En primer lugar, hay algunos momentos del juego, en los que me he encontrado a mi mismo dejando el controlpad sobre la mesa y pensando seriamente qué decisión tomar: mi temor a que uno de los personajes principales (o sus acompañantes) fallezcan me hacía ser precavido; esto se debe a que el determinismo que plantea el juego (con guardados automáticos e imposibilidad, en la primera partida, de cargar a un momento anterior) hace que mi objetivo se enfoque a conservar todas las líneas narrativas hasta el final, por pura curiosidad y reto personal. En otros momentos, la necesidad de una respuesta rápida me ha llevado a tomar decisiones instantáneas, algunas de ellas tan inmediatas que no dudo que probablemente tomaría de igual modo en una situación real… y no es que todas sean de las de estar orgulloso.

El segundo punto tiene que ver con las sensaciones: estar atrapado en manos de un psicópata en un oscuro sótano se convierte en una experiencia realmente angustiosa y tus propios errores te llenan de la frustración que los diseñadores están esperando que recibas. En una ocasión, tienes la posibilidad de perder mucho tiempo liberando a un compañero de una trampa o huir tú mismo; cuando eres incapaz de liberarlo, decidí huir por mi cuenta, quedándome con un enorme peso de culpabilidad. Este punto es, quizás, más habitual en los videojuegos, dada su capacidad para que podamos empatizar con la interactividad y el manejo de nuestro avatar. Lo que ocurre es que Heavy Rain sabe tratarlo de una manera especial, como cuando la protagonista tiene que desnudarse delante de un desconocido, buscamos la opción que salvaguarde la mayor dignidad posible por puro pudor. A esto contribuye el desconocer la verdadera limitación del juego: ¿Afectará esto al desarrollo del juego? ¿En que cambia la historia principal a partir de mis acciones?
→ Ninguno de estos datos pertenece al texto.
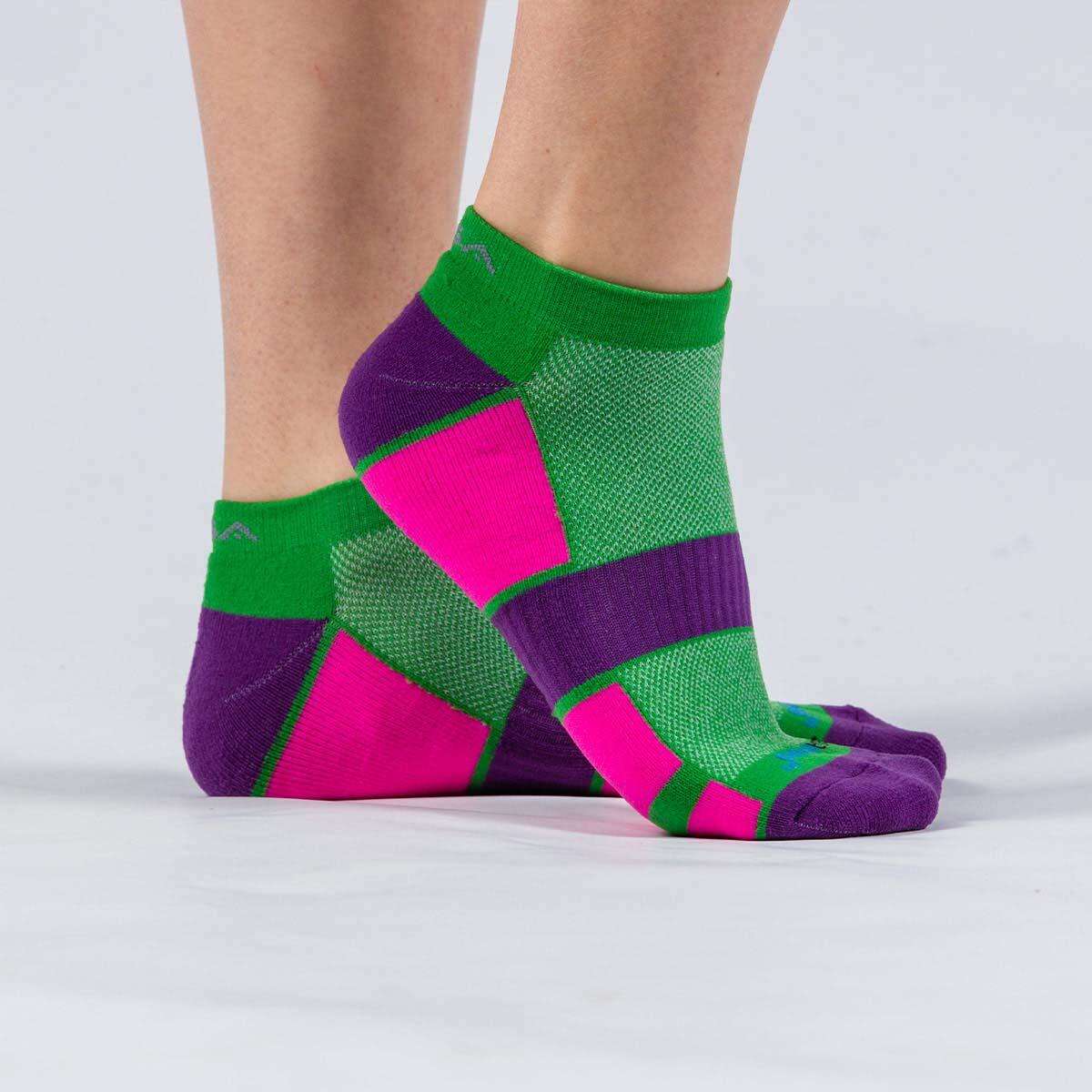 GSA WOMEN΄S HYDRO + 694 Performance Sports Socks 3Pack Green-Fuchsia-Purple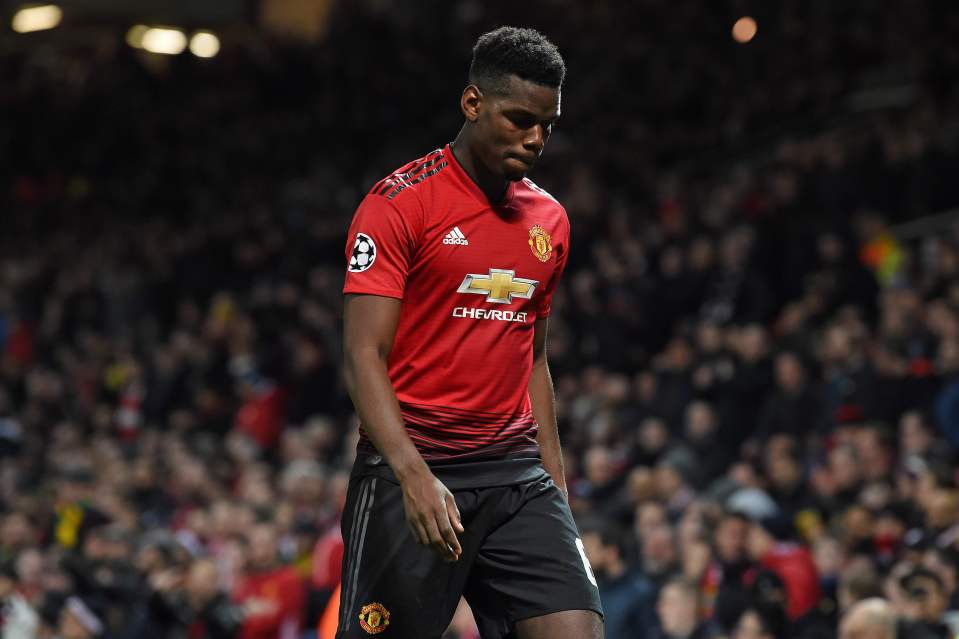 Paul Pogba will miss the second-leg after he was sent-off late on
Esa incertidumbre es, de lejos, lo que más brilla en Heavy Rain.

No todo son virtudes. Dentro de esa implicación emocional hay momentos que de puro tedio (como las primeras escenas) o que por producir el efecto contrario (secuencia erótica que resulta bastante poco morbosa o momentos donde el dramatismo resulta ridículo) resultan totalmente fuera de lugar. Y luego está el guión claro, porque uno puede admitir todos los tópicos habidos y por haber, y toda esa sensación de directo a video rezagado de Se7en, pero lo que no se pueden admitir son diálogos con tan poca credibilidad, que el final deje un par de agujeros de guión propios de un novato y que haya uno de esos momentos en los que sucede algo que, finalmente, descubrimos que no ha sucedido así. Todo eso implica, por este orden, que resulte difícil meterse en el tono que pretende dar, que se le vean las costuras a un producto que podría estar mucho más acabado y que te sientas estafado ante la relevación de la identidad del asesino en cuestión, por otra parte, no tan difícil de adivinar. Son estos defectos los que contribuyen a que el regusto final sea muy amargo, con la sensación de que los méritos se diluyen, quedando como un ensayo para lo que podría venir (más en cuanto a implicación del jugador que a la jugabilidad QTE en sí) y que las empatías que había creado desaparecen hacia el final, dejando un recuerdo mucho más frío y distante de lo que se tiene durante el juego.